Using Continuity, Sasaki's custom-built data viz tool, users can see information about homeless populations through the lens of a range of geographic, economic, and social factors, and in a variety of formats like a map, grid, histogram, etc. You can also select "Tell Me a Story," which illustrates takeaways you might find surprising. For example, homelessness is actually highest in areas where the unemployment rate is less than 5 percent.
But Keillor and her team, which includes two graphic designers and two developers, didn't necessarily set out to reveal anything groundbreaking or revolutionary. They just wanted to create an interface where they could view all of these factors juxtaposed with rates of homelessness to present a larger picture of the issue.

While the map is the cornerstone of the project, it's by no means the only feature of the project. True to its name, Understanding Homelessness offers a sort of primer on the issue — what Keillor likens to "Homelessness 101." The site defines homelessness in simple terms, dispels misconceptions and stereotypes, and details out systemic causes like lack of affordable housing, a suffering economy, and a lack of supportive and health services. There's also a timeline of the evolution of homelessness in the U.S. since 1800 and a list of the three primary solutions (the housing-first approach, training and education, and essential support services).
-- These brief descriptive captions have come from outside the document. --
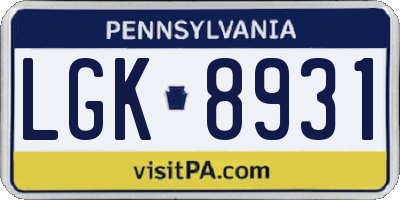 PA license plate LGK8931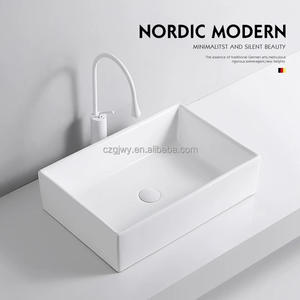Lavabo de salle de bain commercial de qualité supérieure, style moderne, finition mate, en céramique - Product Image 3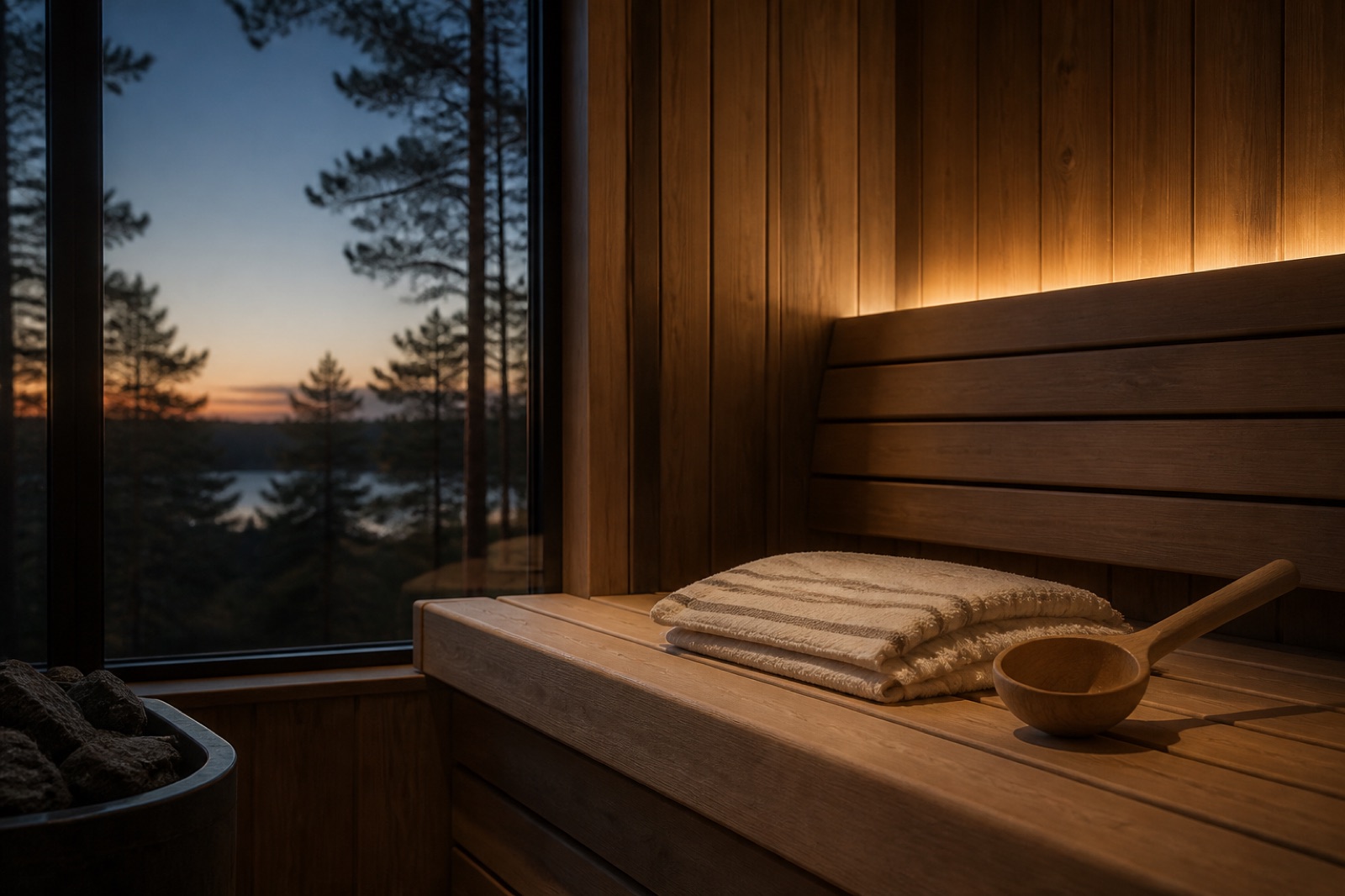 A quiet cedar sauna overlooking trees at dusk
"Data visualization brings a complex issue out of the vague, enormous, and overwhelming into the realm of personal, tangible, and grounded."
Last but not least, Understanding Homelessness offers practical ways that people of all stripes can help.
"Another major challenge in discussing this issue is the... heavy, overwhelming nature of this complex human problem," Keillor said. "It's the 'where do you even start?' syndrome. I wanted to help overcome this heaviness by providing bite-sized examples of tangible things that individuals or cities could do to start chipping away at the enormity of the problem."
The "Strategies" tab provides more than 80 examples from cities, organizations, and individuals around the world, with tips for public officials, designers, nonprofit workers, and, simply, concerned citizens.
"In general, the data visualization portion is pretty and shiny and rich with concrete numbers, but I think the upfront context to proactively address some of the stigmas is so important for someone to understand before they dive into the data," Keillor said. "And once they've understood this context and explored the data, giving them tangible next steps and ways to help — answering that 'what can I do?' question — is equally important."

For Keillor, data mapping lends a tangible factor to complex social challenges — a concreteness to otherwise abstract and unwieldy issues. She said that at Sasaki, they've "found again and again that seeing really is believing." And Understanding Homelessness takes that further, aiming to provide an experience of discovery, exploration, and perspective.
"Data visualization brings a complex issue out of the vague, enormous, and overwhelming into the realm of personal, tangible, and grounded," Keillor said. "A transformation that is helpful for any social cause."